42: In the second chapter of your book, you point out that the Enlightenment brought us freedom, but simultaneously dissolved certainty and the existing order. Do technological developments provide us with answers to this loss?

PB: Technological developments are one of the main reasons causing this ‚loss‘! And with the new freedoms and possibilities of technical-capitalist (late) modernity, we are currently experiencing a new phase of the dissolution of existing orders and certainties, in which the constant delimitation and acceleration of world relations also lead to (perceived) insecurity, disorientation and powerlessness. Which, in turn, is a decisive reason for the fact that a relapse into insurance and support can be experienced as promising offers of religion, nationalism and racism. Therefore, the relationship of freedom and technology is always of dialectical nature, meaning they are opposing forces to a certain extent. In our “digital age”, the computer offers unprecedented opportunities for politics, economics, science and society, which offer enormous potential for liberation and, above all, could signify a golden century for science. Simultaneously, new mechanisms for control and surveillance, as well as new dependencies, arise. Technology as such is not going to solve our problems since the systemic conditions under which such technology is used matter. In practice, the primary goal of social and liberal policy should be to ensure that the digital infrastructures of the 21st Century are neither owned and controlled by private banks and corporations nor used by state bureaucracies for anti-democratic and anti-freedom surveillance.

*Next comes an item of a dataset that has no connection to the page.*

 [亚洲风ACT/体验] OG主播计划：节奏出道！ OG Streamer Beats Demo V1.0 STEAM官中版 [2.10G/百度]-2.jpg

Facing new freedoms and opportunities and the uncertainties such change brings about, we need a progressive idea of security, rather than a reactionary one. This new understanding of security has to be based on participation and self-efficacy. Ranging from data to housing, the question of ownership and the idea of the ‘common good’ is asked more frequently than ever. Although it’s not about abolishing private property and the market economy altogether, as media and political forces immediately proclaimed, actually quite the opposite is the case: It is a matter of diversifying property titles in terms of rights and obligations to goods and processes, and of participation in decision-making. More freedom by security would in this sense not constitute more police, military and surveillance, but an increase in participation, equal opportunities and justice for all.

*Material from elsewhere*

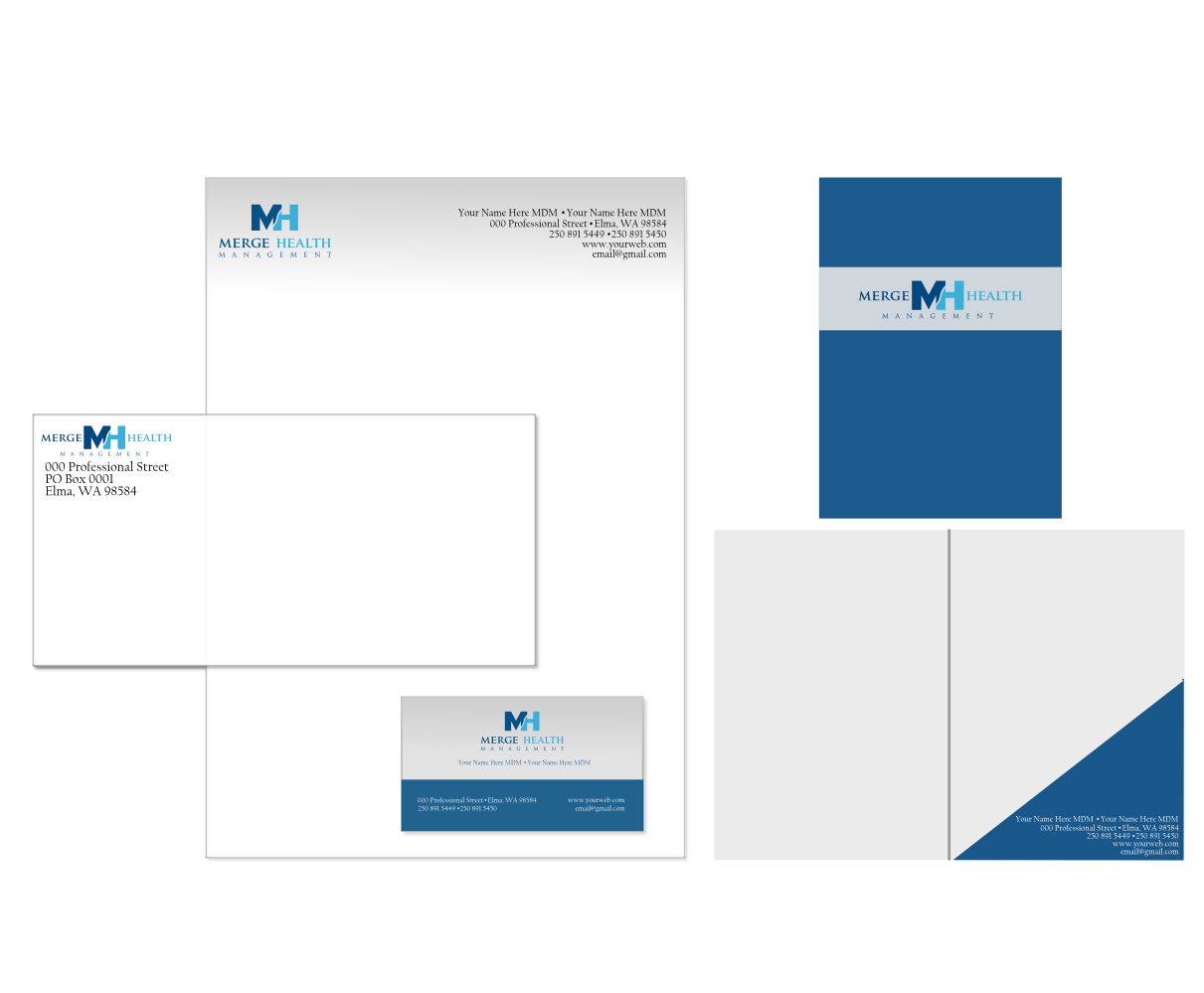 Stationery Design by aardbol for this project | Design #5076375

42: Could you name specific steps leading us in that direction?

PB: Ideas and concepts on how to rethink and organize communities in a globalized world beyond the supposed “factual constraints” of acceleration, growth, innovation and profit maximization imperatives are actually all there. It is the question of how to implement them that matters. We need new power structures, new ways of participation and decision making in companies, institutions and, last but not least, in our shared macro-institution of negotiating and governing social processes – the state. Therefore, besides debating carbon taxes, ownership structures and the disempowerment of big data monopolies, we need to debate a reform of our representative democracy. A two chamber system, in which one chamber of parliament is elected and the other is selected by lot, as proposed by David Van Reybrouck in his book “Against Elections: The Case of Democracy”, could be a promising step in that direction, for example.

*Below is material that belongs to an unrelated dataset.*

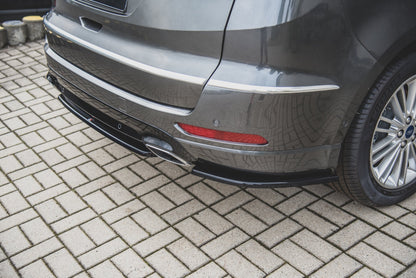 Ford S-Max Mk2 - Heck Flaps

It is pretty clear to me already that we will not find answers to the problems ahead of us in the ideas and concepts of the 20th Century – especially, if we acknowledge that digital transformation in our current economy will intensify energy and resource consumption further. The extent to which the use of (digital) technology can be beneficial in establishing a different set of values that protects our privacy and the biosphere thus depends on the values and goals we set ourselves as a society. Before everything and everyone can be digitally connected, it must therefore first be clarified why and to what end we choose to undergo such change: Thinking, values, and goals should come first, digital transformation second.